I recently had the opportunity to spend some time at the Copenhagen International Airport (CPH) due to a flight delay, so I decided to explore it and its two Priority Pass lounges.
The Copenhagen Airport
The Copenhagen airport (danish: Kobenhavns Lufthavn) is the largest international airport in Scandinavia. It has two terminals, Terminal 2 and 3. I’m not sure what happened to Terminal 1. It is a medium-sized airport with a simple and straightforward terminal layout. The Copenhagen airport is clean and spaciously designed, with a very modern, almost futuristic style. Orientation is easy due to well labeled terminal maps. All gates are arranged by destinations (domestic, Schengen, other EU countries/international). In any case, when arriving at the airport you will exit CPH through Terminal 3. From there you will find a variety of public transportation options, ranging from metro, to train, bus and taxi, in addition to your typical airport rental car booths (Avis, Sixt, Europcar, Hertz, Budget and Enterprise).
Inside the airport, you’ll enjoy complimentary Wifi throughout. You will need to provide your email address and country of origin in order to log in. Alternatively, you have dedicated Wifi inside one of the airport lounges. I also found a Boingo hotspot, but wasn’t able to connect to it. As far as dining and shopping opportunities, CPH offers a number of restaurants, pubs, and cafes, as well as a fairly decent selection of shops, enough to satisfy any sudden shopping crave one might experience.
Transit and layover
The intuitive layout of the airport makes catching any connecting flight a breeze. I’d estimate that the longest stretch in between gates is a 30 minute walk. In addition, the airport’s serene environment facilitates a near stress-free experience. If a layover is unavoidable, this airport is definitely one to consider.

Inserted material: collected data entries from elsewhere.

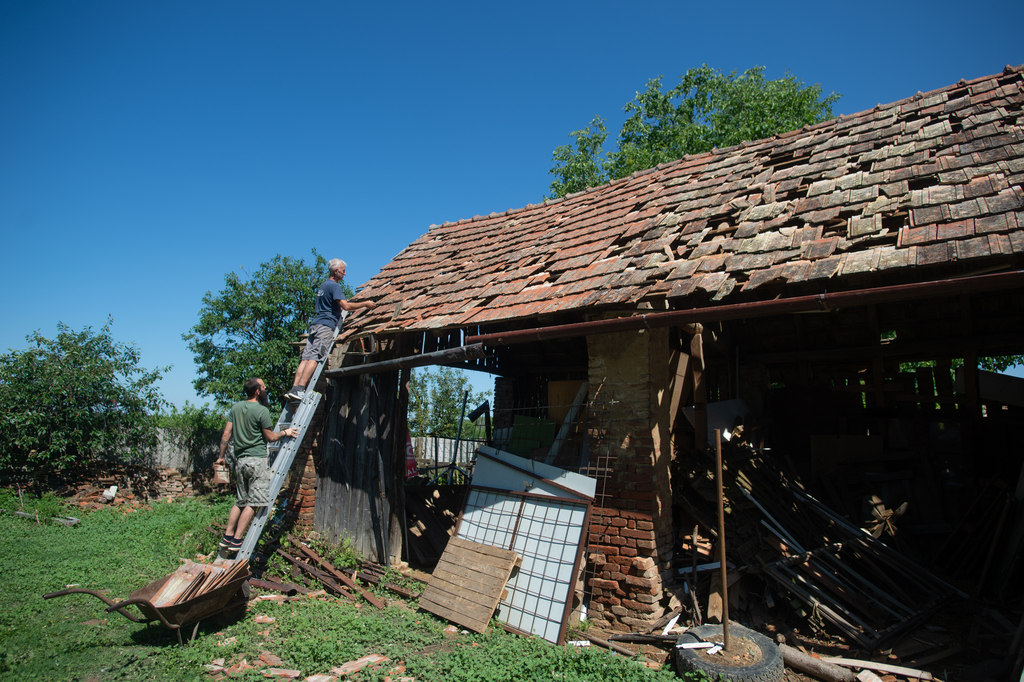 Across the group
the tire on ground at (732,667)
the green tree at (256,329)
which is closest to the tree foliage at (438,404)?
the green tree at (256,329)

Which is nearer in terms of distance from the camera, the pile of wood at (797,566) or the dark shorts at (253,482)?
the pile of wood at (797,566)

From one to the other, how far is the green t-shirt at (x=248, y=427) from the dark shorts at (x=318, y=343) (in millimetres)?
1297

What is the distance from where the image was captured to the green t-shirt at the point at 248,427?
5.88 meters

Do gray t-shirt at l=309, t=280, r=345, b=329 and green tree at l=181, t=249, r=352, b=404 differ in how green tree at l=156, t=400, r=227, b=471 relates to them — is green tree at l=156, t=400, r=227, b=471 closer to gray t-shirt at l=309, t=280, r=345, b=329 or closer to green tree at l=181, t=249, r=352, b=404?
green tree at l=181, t=249, r=352, b=404

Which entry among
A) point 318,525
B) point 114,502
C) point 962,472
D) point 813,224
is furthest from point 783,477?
point 114,502

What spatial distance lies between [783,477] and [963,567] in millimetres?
1975

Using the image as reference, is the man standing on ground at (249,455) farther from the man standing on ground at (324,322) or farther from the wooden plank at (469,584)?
the wooden plank at (469,584)

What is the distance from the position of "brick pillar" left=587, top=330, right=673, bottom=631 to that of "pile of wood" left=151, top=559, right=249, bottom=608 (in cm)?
346

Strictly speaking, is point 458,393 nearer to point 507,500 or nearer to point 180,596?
point 507,500

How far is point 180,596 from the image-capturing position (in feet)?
13.9

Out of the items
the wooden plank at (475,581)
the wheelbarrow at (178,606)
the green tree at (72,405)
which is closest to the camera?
the wheelbarrow at (178,606)

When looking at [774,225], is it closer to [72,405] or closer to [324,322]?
[324,322]

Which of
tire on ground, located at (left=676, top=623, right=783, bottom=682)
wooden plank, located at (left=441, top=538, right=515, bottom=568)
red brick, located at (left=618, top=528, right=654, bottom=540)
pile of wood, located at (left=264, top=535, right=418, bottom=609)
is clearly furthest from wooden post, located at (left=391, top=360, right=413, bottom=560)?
tire on ground, located at (left=676, top=623, right=783, bottom=682)

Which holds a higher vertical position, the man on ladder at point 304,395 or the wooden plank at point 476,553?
the man on ladder at point 304,395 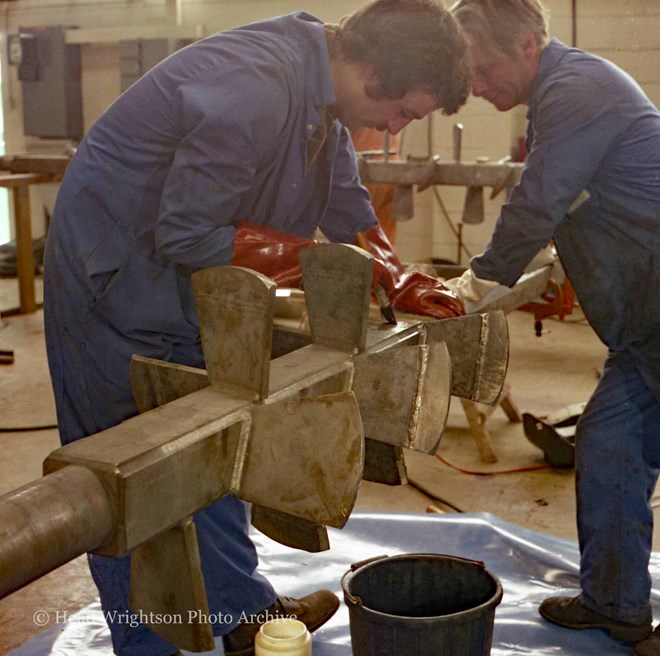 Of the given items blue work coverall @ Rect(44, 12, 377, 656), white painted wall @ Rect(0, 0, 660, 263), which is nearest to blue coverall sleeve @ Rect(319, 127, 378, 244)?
blue work coverall @ Rect(44, 12, 377, 656)

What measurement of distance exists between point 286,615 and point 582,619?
815mm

As mentioned earlier, the airport is home to two Priority Pass lounges: The Aviator Lounge and the Aspire Lounge. Both are airside, located inside Terminal 2 and are conveniently positioned behind a huge window front on the second floor, enabling a view of the entire terminal.

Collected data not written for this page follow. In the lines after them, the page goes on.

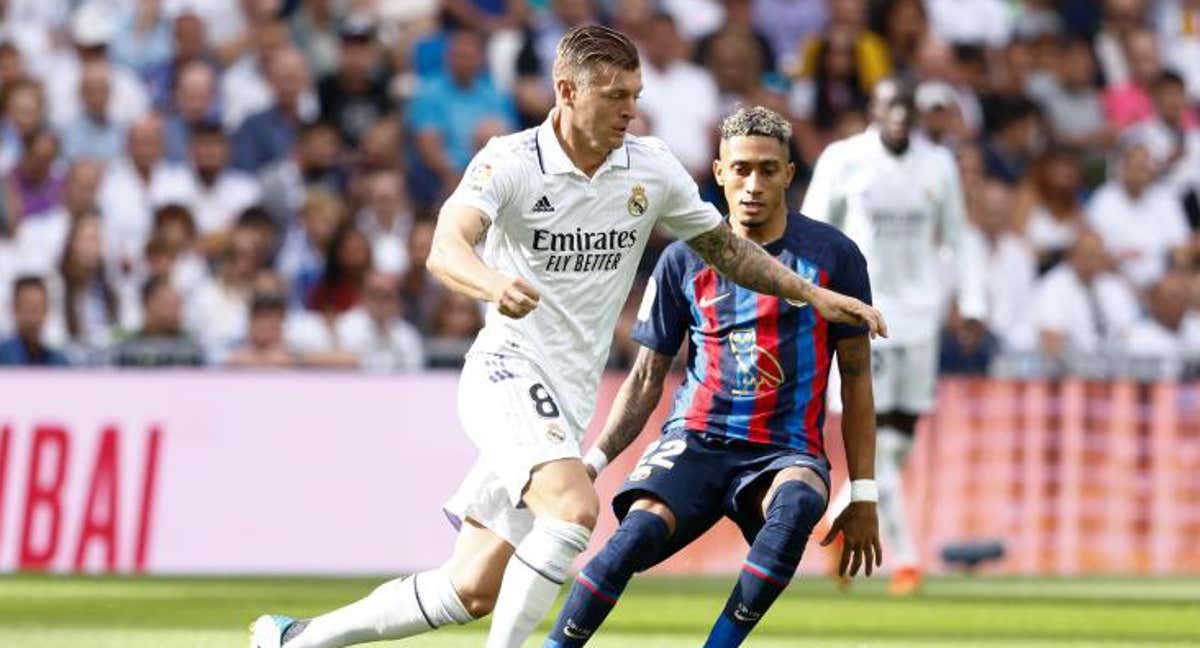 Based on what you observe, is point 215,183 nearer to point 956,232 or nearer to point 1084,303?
point 956,232

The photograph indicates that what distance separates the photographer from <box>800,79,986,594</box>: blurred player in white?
13406 mm

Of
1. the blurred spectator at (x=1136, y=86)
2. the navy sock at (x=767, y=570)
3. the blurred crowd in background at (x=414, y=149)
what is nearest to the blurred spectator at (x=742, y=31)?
the blurred crowd in background at (x=414, y=149)

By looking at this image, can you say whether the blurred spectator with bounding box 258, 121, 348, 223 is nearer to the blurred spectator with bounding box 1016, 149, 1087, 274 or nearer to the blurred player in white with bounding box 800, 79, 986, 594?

This lounge is located immediately after security and is very easy to find. Once inside, you are immediately greeted by welcoming staff. Both lounges accept the digital Priority Pass, so you can leave your plastic card at home. Right after the entrance, there’s already the bar and buffet, offering complimentary snacks and refreshments. The atmosphere was elegant and the lounge enjoyed a more mature clientele. There were bar tables along the window front that doubled as work spaces, which offered a really nice view of the terminal below. Or you could just relax in one of the sofa chairs instead.

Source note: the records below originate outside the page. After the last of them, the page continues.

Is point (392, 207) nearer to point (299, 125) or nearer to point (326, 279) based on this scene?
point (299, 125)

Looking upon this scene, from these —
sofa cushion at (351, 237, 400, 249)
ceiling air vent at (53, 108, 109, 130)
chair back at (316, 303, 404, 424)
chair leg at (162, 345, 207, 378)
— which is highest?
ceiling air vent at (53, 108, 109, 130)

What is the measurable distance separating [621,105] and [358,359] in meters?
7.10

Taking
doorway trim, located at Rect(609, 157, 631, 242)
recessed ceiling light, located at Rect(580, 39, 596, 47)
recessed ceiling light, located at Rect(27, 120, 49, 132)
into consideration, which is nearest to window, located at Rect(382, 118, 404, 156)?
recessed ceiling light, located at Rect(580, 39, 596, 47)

The lounge itself was fairly small, but elegant. It was also a bit crowded, probably due to it being the first lounge after the security checkpoint, so I did not spend too much time inside. Also, although not explicitly stated anywhere, due to its more upscale vibe, it is safe to assume that there is some level of dress code enforced.
The Aspire lounge is located just a few short feet past the Aviator lounge and offers a much more spacious alternative to its upscale and contemporary cousin. Despite being also quite modern, this lounge offered a much more relaxed atmosphere, with designs and furniture choices in typical Scandinavian fashion. Think of a higher quality version of Ikea! Its elongated layout provided excellent opportunities for some privacy and I soon found myself on a couch by the window front so I could overlook the terminal. The coffee table in front of me was actually a tree trunk, which I thought was really neat and also cozy. There were also some pillows and a blanket next to me on the couch. I can really see passengers missing their connecting flights in this lounge. The bar offered hot beverages, soft drinks and alcoholic drinks, while the buffet offered soup, bread, salad, cold cuts, cookies and a variety of sweets. Nothing too special but it’s great to have a small snack before takeoff. There was no dedicated Wifi inside this lounge, but I found the free airport Wifi to be sufficient. In summary, I really enjoyed this lounge. The atmosphere was calm, cozy and informal. It was just a really good place to spend time. The few extra steps to the Aspire Lounge were really worth the exercise.
Have you been to Copenhagen Airport? What are you mostly looking for in an airport lounge?